Enquanto isso, na rua Camocim de São Félix, no loteamento Demóstenes Veras, onde foi empenhada a verba proveniente do “Minha Casa, Minha Vida”, os oito filhos de Adão Afonso Fernandes, 45 anos, sofrem com micose, manchas na pele, fungos nas unhas, entre outros problemas. “Eu morava no morro e não pagava nada.

Me colocaram aqui, tenho um monte de despesas como IPTU, gás e água e moro na sujeira do mesmo jeito”, indignou-se Adão, que é gari.

Ele explica que apesar da esposa ser beneficiada com o Bolsa Família, há meses não efetua pagamentos das contas de água e espera que o serviço seja cortado. “Um lugar desse era para ser bonito, era para ser digno.

Porque para viver no meio do lixo eu continuaria no morro”, disparou Adão Fernandes.

Caso parecido acontece com o comércio do mesmo loteamento.

O mercadinho Hayanna, na rua Belo Jardim, estava de portas fechadas na semana em que a reportagem do JC visitou o local.

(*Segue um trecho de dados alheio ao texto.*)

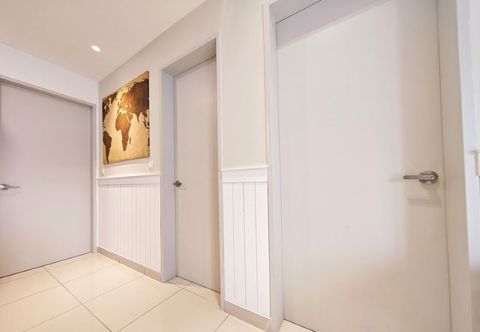 Others TRION POOL & KL City View The 110 Family Suite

Uma melancólica placa de “vende-se” foi pendurada em frente ao algoz do comércio: um bueiro estourado, de onde jorram fezes e lixo.

A casa ao lado, também está sendo repassada, disse a proprietária, que preferiu não se identificar.

Gestão tenta destravar construções Foto: Clemilson Campos/JC Imagem Lembrando que o primeiro convênio – que deveria ter resultado na construção de 150 casas para vítimas das cheias no loteamento Cedro – foi firmando pela gestão anterior, o controlador-geral de Caruaru, Tony Galvão, afirmou que a gestão do prefeito José Queiroz (PDT) entrou para resolver os problemas herdados. “Até onde eu sei, esse processo foi realizado ainda na gestão anterior a de Queiroz.

Foi contratado um empréstimo junto à Caixa para construção que, por problemas técnicos, não teve prosseguimento.

O prefeito conseguiu junto ao governo Lula esse financiamento do ‘Minha Casa, Minha Vida’ e, com isso, as pessoas que seriam beneficiadas foram para o loteamento Demóstenes Veras”, explicou o controlador.

Já sobre a situação das casas, novamente o município optou por responsabilizar o governo federal. “A construção segue o padrão do programa.

Há uma diferença na qualidade do material, mas tudo dentro dos padrões estabelecidos”, garante.

Ainda segundo Galvão, o saneamento é parte da verba liberada pelo governo. “Tudo foi contratado dentro do padrão, dentro das especificações.

A prefeitura está contactando a construtora para resolver os problemas apresentados pelos moradores.

Foram entregues as moradias e o saneamento.

O que se viu lá, não é que não tinha saneamento, é que está com alguns vazamentos”, concluiu Galvão.